En tout état de cause, notre entrée au capital d'autres sociétés ne pourrait se justifier que si elle repose sur une véritable logique industrielle, c'est-à-dire sur des synergies commerciales, organisationnelles et technologiques. Thales se veut un groupe industriel, pas une Sicav de la défense.

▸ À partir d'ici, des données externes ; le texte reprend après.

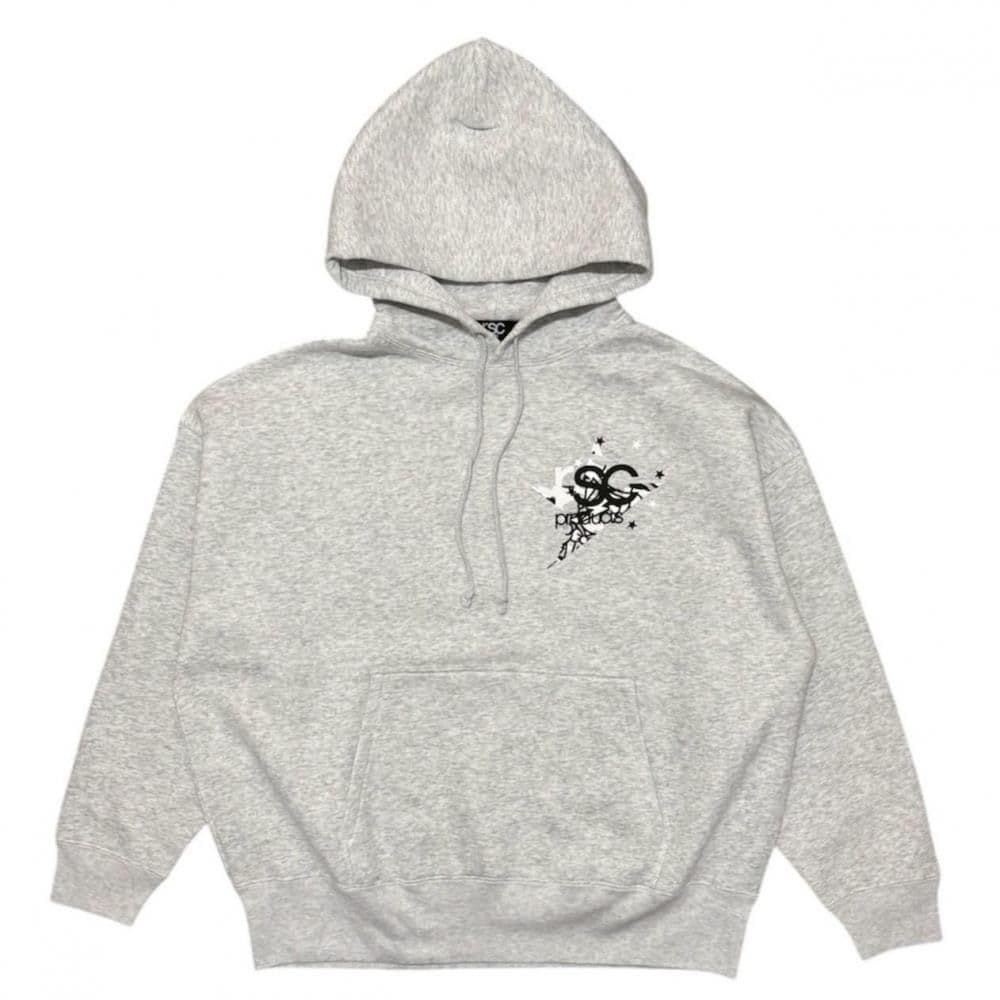 【IWUビッグシルエットプルオーバーパーカー】裏起毛で、ふわふわ暖かく 画像0-4｜rsc products公式ウェブサイト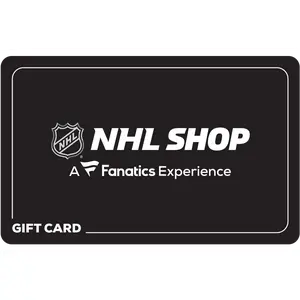 NHL Shop eGift Card | Hockey Jerseys, Hats & Team Apparel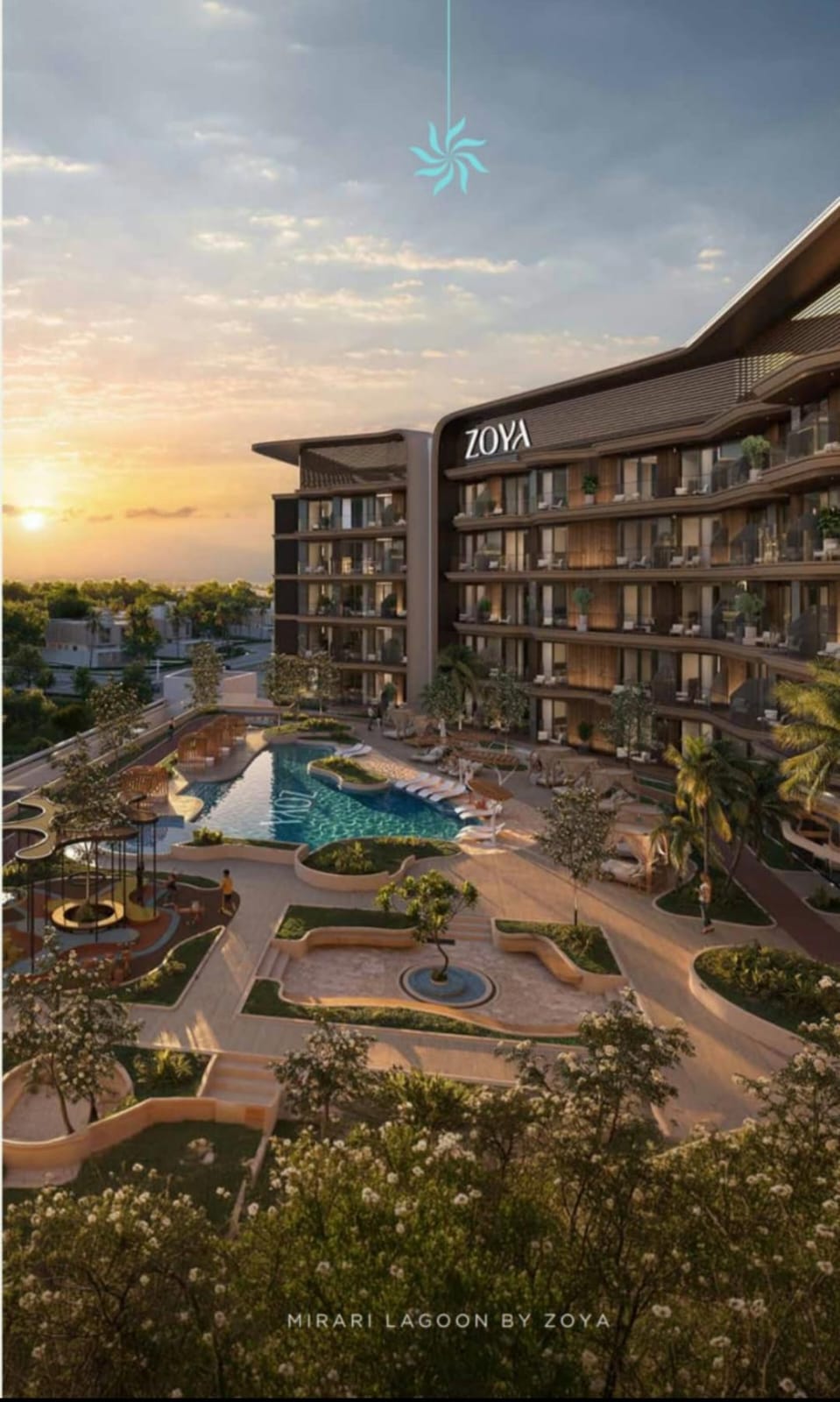 Mirrari Lagoons By zoya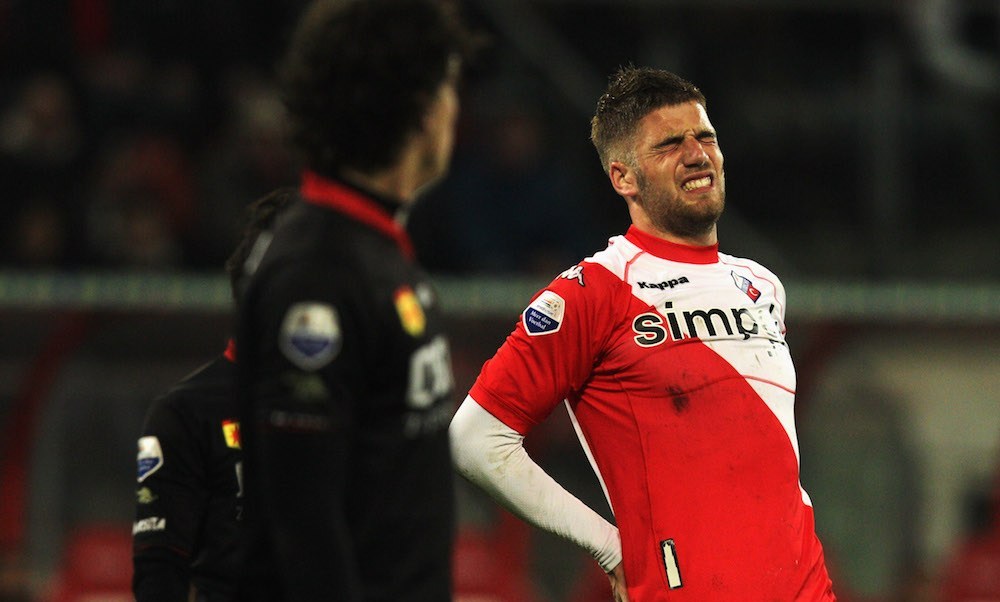 FC Utrecht v SC Excelsior Rotterdam - Eredivisie Match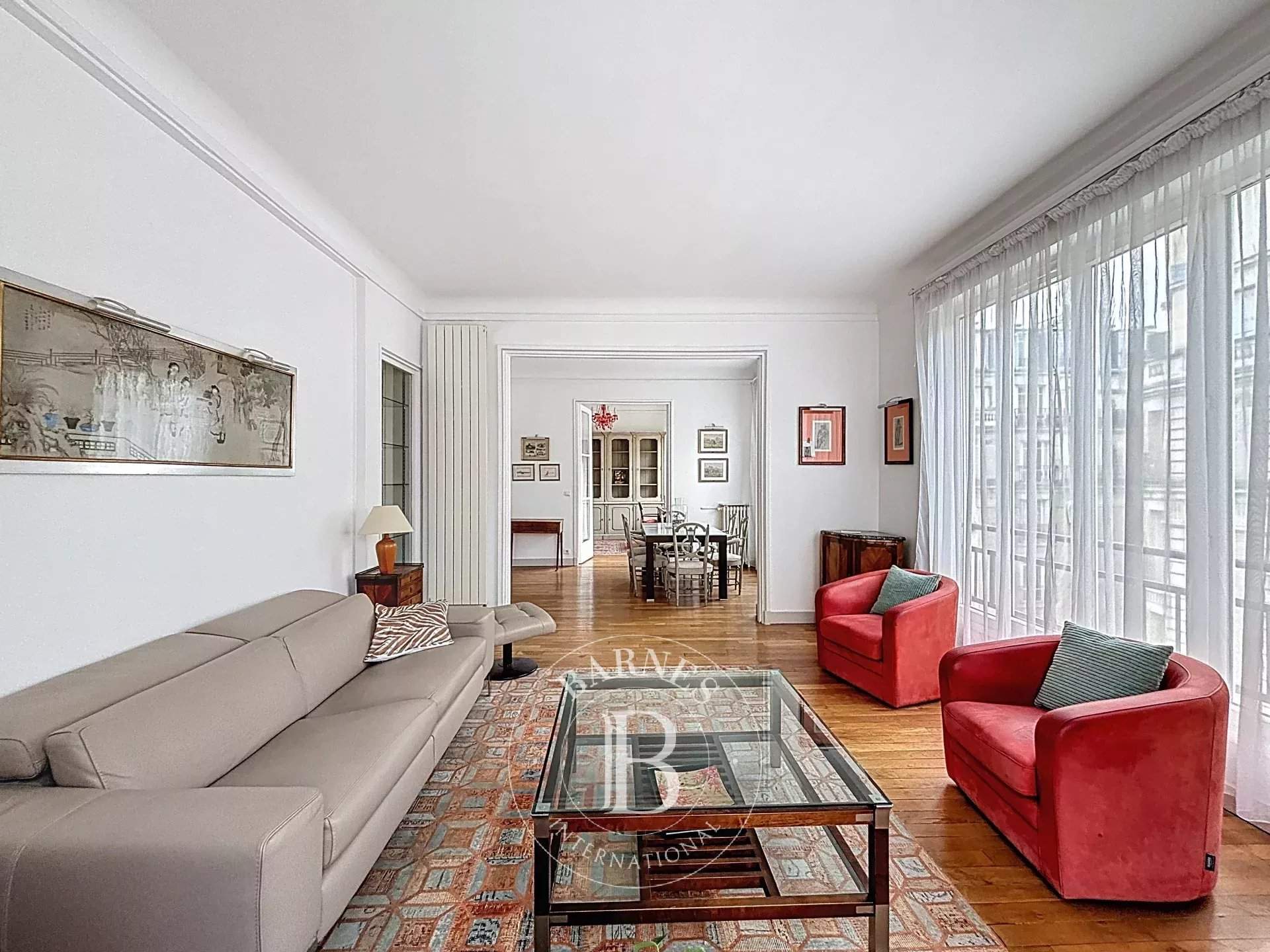 Paris  - Piso 5 Cuartos 2 Habitaciones - picture 1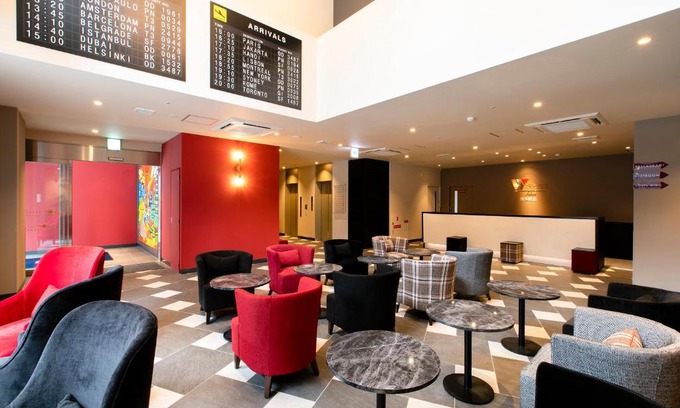 Hakata Ekimae Hotel | Hotel Wing International Select Hakata-Ekimae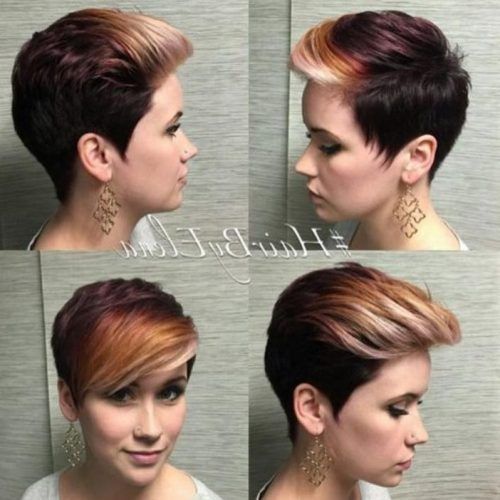 Pixie Haircuts With Long On Top (Photo 12 of 20)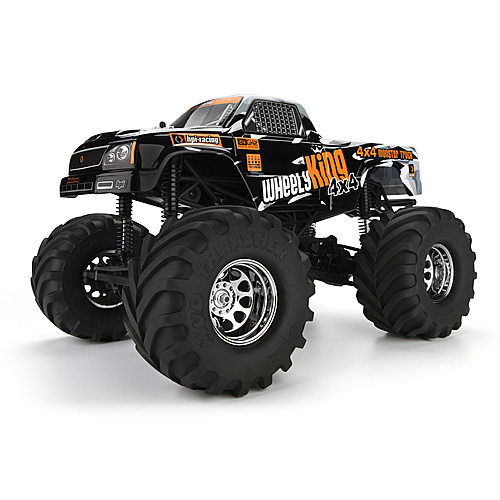 wheelie king rc truck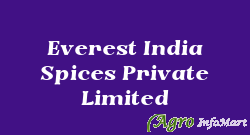 Everest India Spices Private Limited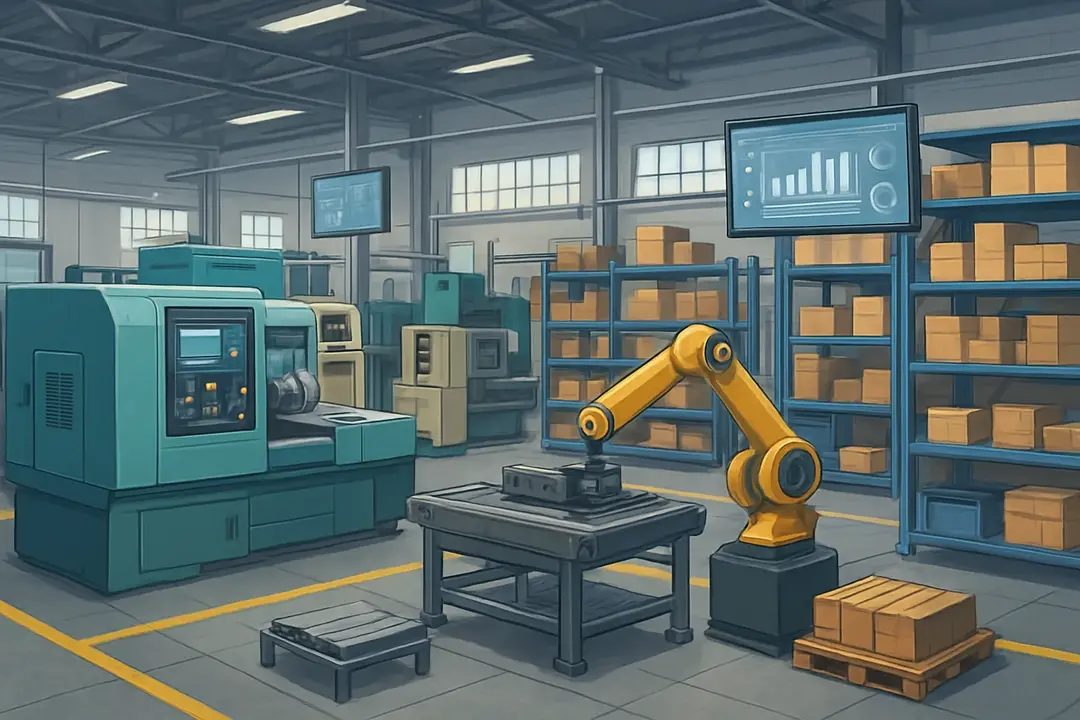 Understanding Physical Assets in Operations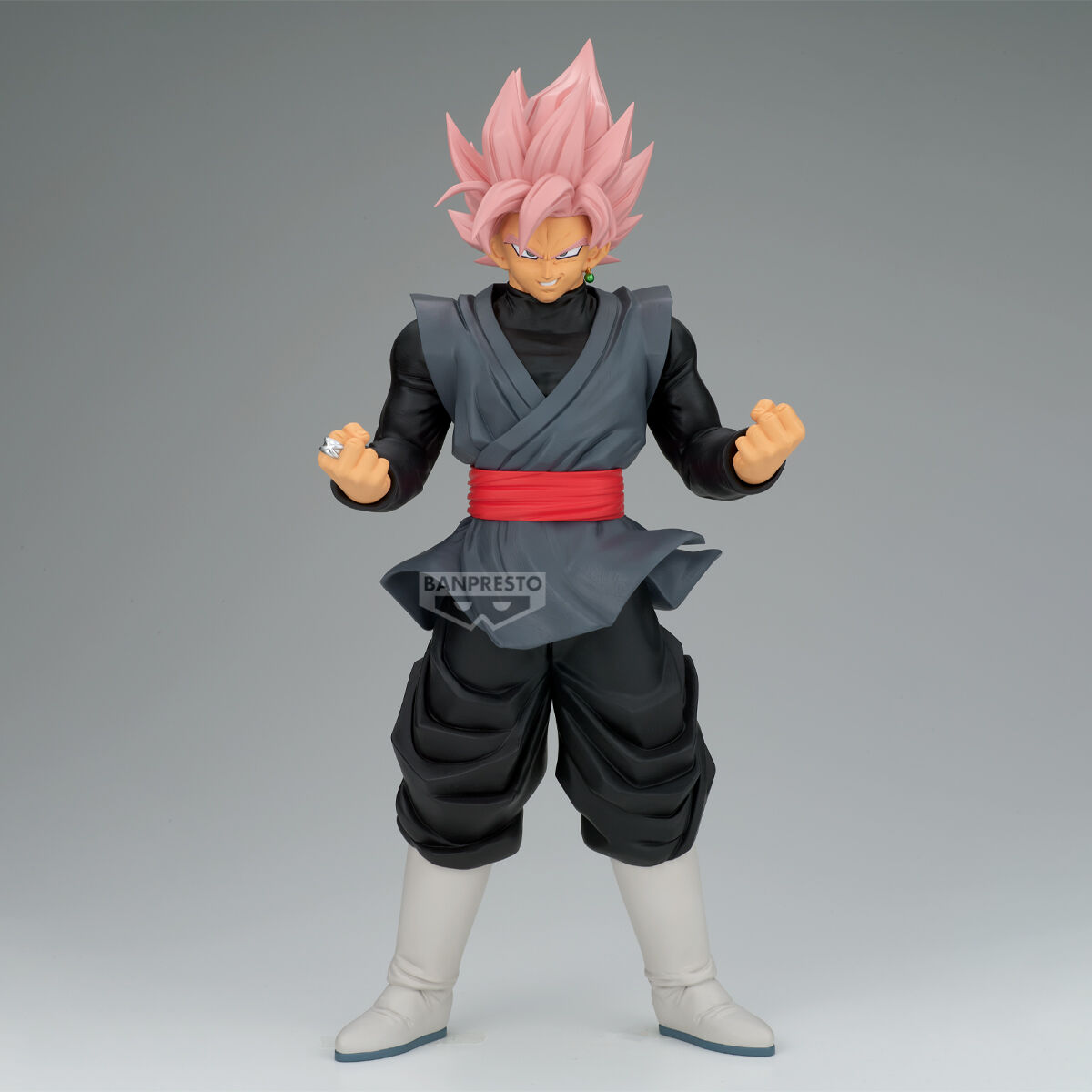 Banpresto | Super Saiyan Rosé Son Goku Black Grandista (28cm) | Dragon Ball Super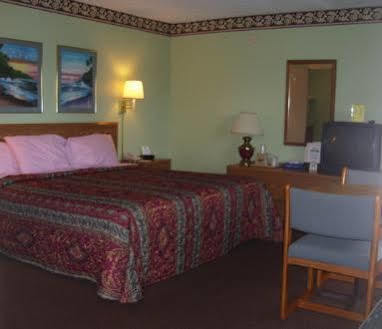 Regency Inn Fayetteville Екстер'єр фото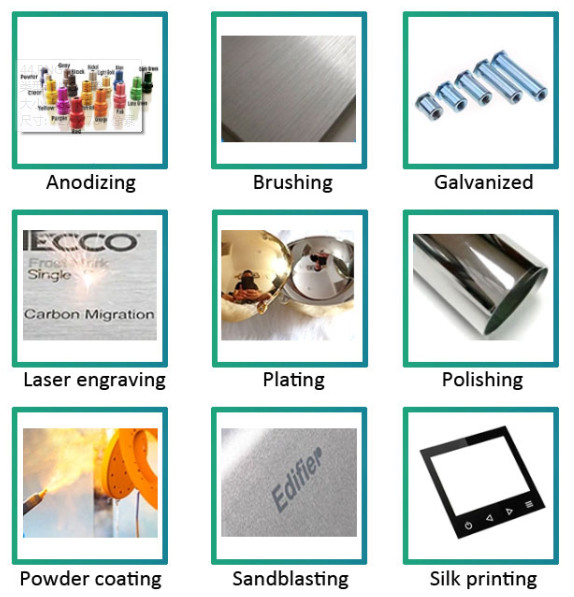 Прототипирование CNC ABS быстрое для бытовых техник медицинской службы автомобильных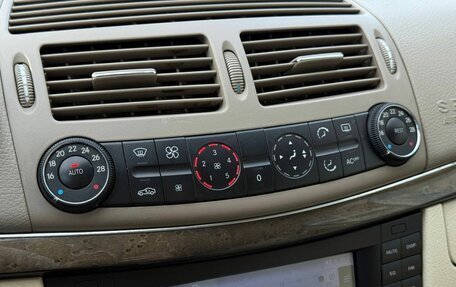 Mercedes-Benz E-Класс, 2003 год, 1 100 000 рублей, 15 фотография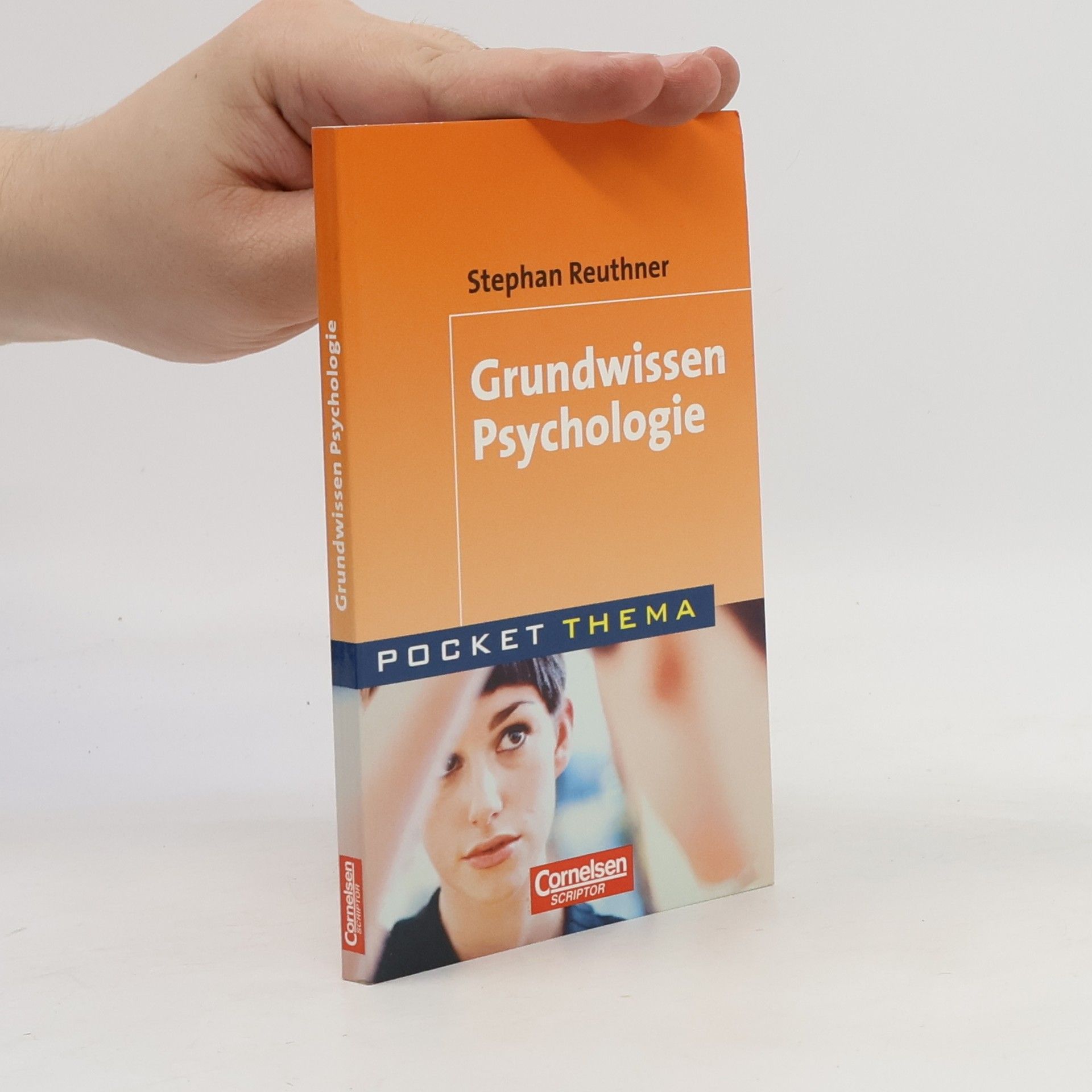 Stephan Reuthner Grundwissen Psychologie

Concernant la défense anti-missile balistique (DAMB), c'est un sujet d'intérêt majeur pour Thales. Notre joint venture avec l'américain Raytheon, Thales Raytheon Systems (TRS), développe le système de contrôle des opérations aériennes de l'OTAN : l'ACCS LOC-1 (Air Command and Control System). Il s'agit probablement du plus grand logiciel « temps réel » hors marché US. Il comporte plus de 10 millions de lignes de codes. Une étude décidée par l'OTAN au sommet de Lisbonne nous a été confiée pour commencer d'étendre les fonctionnalités de ces moyens de commandement à la défense antimissile. Le système ACCS LOC-1 deviendrait ainsi le noyau du système de communication-commandement d'une future DAMB.
La défense anti-missile balistique suppose des capteurs. Notre filiale des Pays-Bas, Thales NL, propose de faire évoluer les radars de surveillance SMART L des frégates de type Aegis néerlandaises, l'équivalent du S1850 qui équipe les frégates Horizon françaises et italiennes, pour le doter d'une capacité d'alerte contre les missiles balistiques.
De plus, avec notre projet de radar GS 1000, nous proposons à la France une évolution de nos radars terrestres de défense aérienne pour permettre la détection, l'acquisition et la poursuite de missiles balistiques.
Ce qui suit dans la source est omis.